Municipalities and Electrification
The completion of connection targets by municipalities has been hindered as a result of the cost of each electrification connection.
“The Department of Energy’s (DoE’s) funding policy provides Eskom with the full cost of each electrification connection while munici- palities only receive a subsidy for each connection and are required to use ‘top-up’ funds from their own budgets if the need arises,” states Fowles.
The DoE’s Integrated National Electrifica- tion Programme (INEP) initiative, which is funded through a National Electrification Fund, provided municipalities with R1.096-billion for 99 505 new electricity connections during the 2011/12 financial year.
“The corresponding allocation for Eskom for this year was R1.737-billion for 99 377 connections. This indicates that Eskom is more involved in rural electrification connections, as these are becoming more costly than their urban equivalent and more difficult for municipalities to fund,” notes Fowles.
He also believes it is unlikely that funding levels for both municipalities and Eskom will improve in the near future.
“With the average cost of connection increasing in most areas, it is likely that the total number of connections will reduce. Added to this constraint is the shortage of available infrastructure to serve both the rural areas and expanding urban developments. The DoE is receiving more funding applications for infrastructure projects comprising the installation of medium- and high-voltage lines, substations and an increase in transformer capacity,” explains Fowles.
He predicts the focus will shift to placating residents in informal areas within urban areas that are demanding electricity and other services, at the expense of rural electrification.
“The issue of electrification backlogs is inextricably related to the INEP and political pressure will ensure that the electrification priorities will more likely focus on the urban situation. Therefore, it is highly unlikely that the goal of universal access to electricity by 2014 will be achieved,” notes Fowles.
“The National Energy Regulator of South Africa has not yet released its decision on either the Eskom tariff increase for 2012/13 or the municipal tariff guideline for this period.
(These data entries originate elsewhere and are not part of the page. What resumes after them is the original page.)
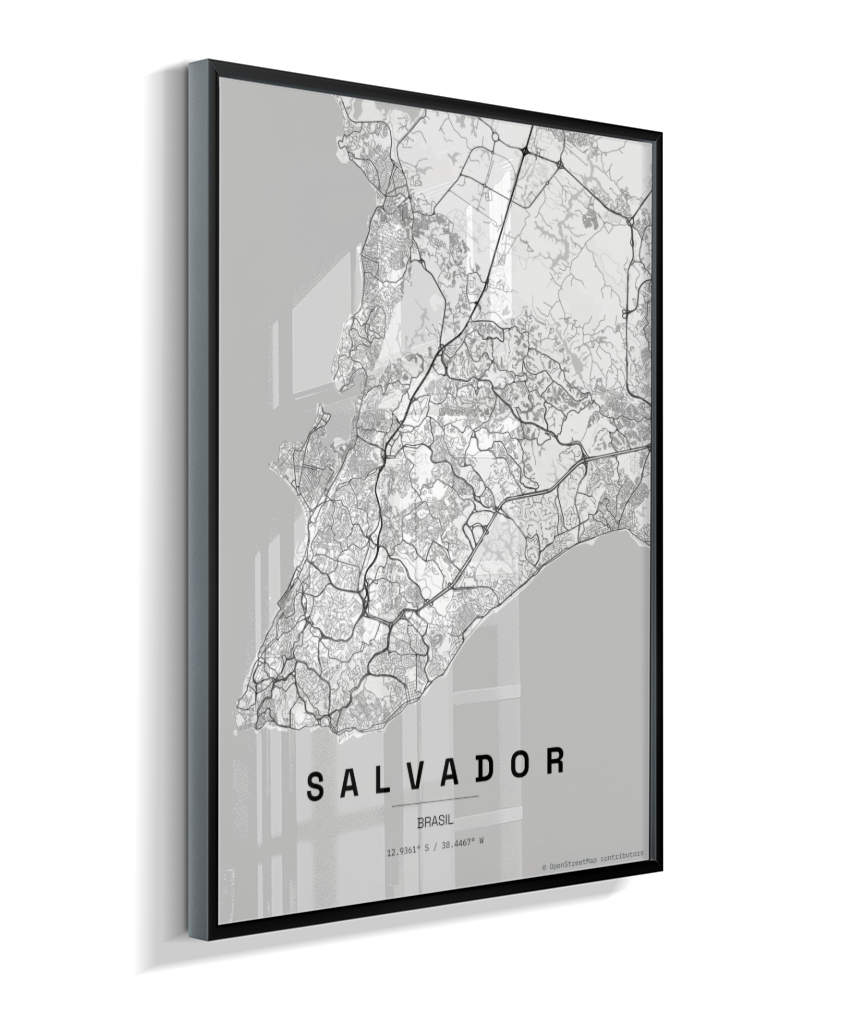 Quadro Mapa de Salvador - Vertical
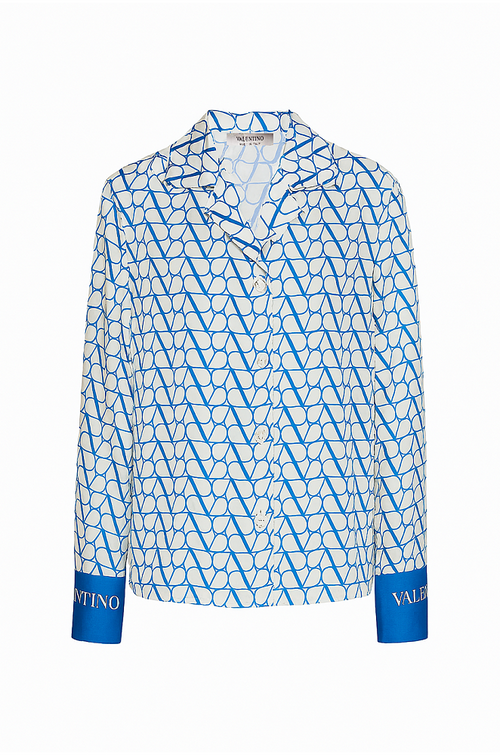 Valentino Blue & White V-Logo Silk Lounge Set
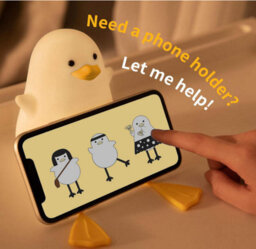 Amorly 1 Pack White Yellow Beak Duck Night Light, Rechargeable Silicone Tap Control Lamp, Cute Duck Bedside Nightlight For Kids - thumbnail 3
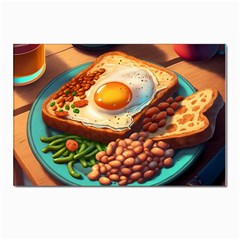 Ai Generated Breakfast Egg Beans Toast Plate Postcard 4 x 6  (pkg Of 10) by danenraven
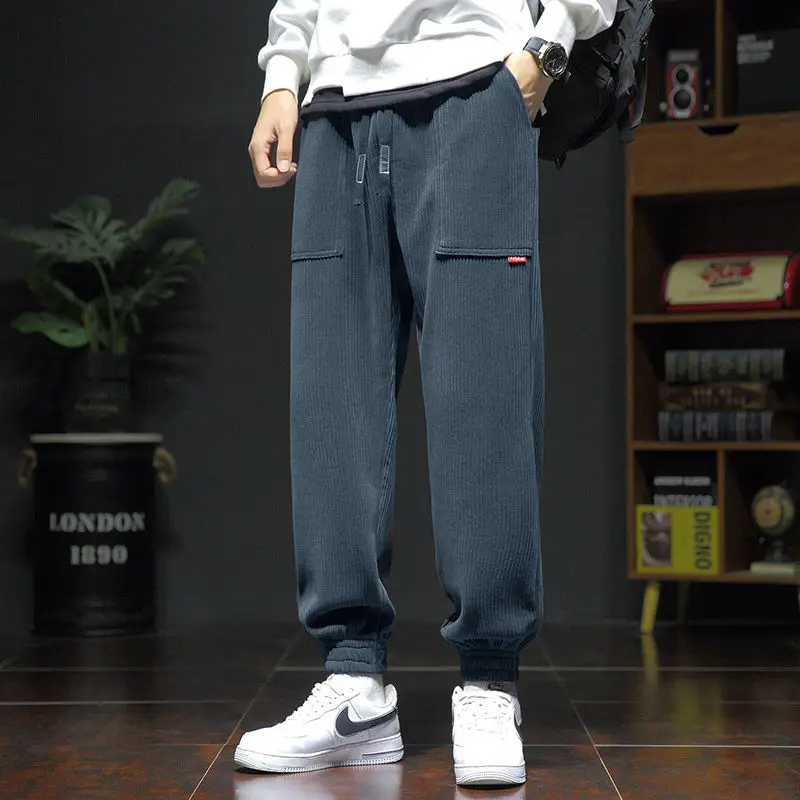 

New Autumn Winter Retro Corduroy Pants for Men Japanese Loose Casual Trousers Plus Velvet Thickened Trousers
Though it is expected that, from April 1, Eskom’s tariffs will increase by 25.9%. This increase translates into a 27.06% increase in the bulk tariffs charged to municipalities from July 1. Although the bulk purchases of energy from Eskom do not constitute 100% of municipal expenditure, it is still the largest item of expenditure and has a considerable influence on its municipal tariff increase,” says Fowles.
He believes that large tariff increases imple- mented by Eskom are necessary, as the ser- vice provider has frequently advised that it will need similarly large increases for a number of years to afford the large capital investment required to increase the country’s generation capacity.
Cable Theft and New Technology
Municipal distributors and the economy have felt the negative impact of cable theft, which involves more than just the replacement cost of the stolen cable and damaged or stolen equipment. Consequential damage, as well as transport and labour costs, also have to be taken into account.
The quality of electricity supply to customers is reduced and scarce skills are deployed for supply restoration rather than other major work.
“This crime also affects manufacturing processes, which can impact on the costs of goods and services, making South African products more expensive,” adds Fowles.
Various products have been introduced to the energy industry to help combat the challenge of cable and equipment theft but, unfortunately, these innovations cannot be applied to much of the existing infrastructure, especially underground cables.
The challenge of training to ensure skilled employees is one that needs to be tackled before allocating funding to alleviate the backlogs in network infrastructure, asset maintenance and refurbishment.
“It is well known that the skills shortage faced by municipalities is often in the order of 50% of established posts, owing to vacancies for skilled workers and managers. Funding for training has become increasingly limited over the years and the salaries and conditions of service that could be offered to potential new recruits in many municipalities cannot compete with other opportunities offered by corporate South Africa,” explains Fowles.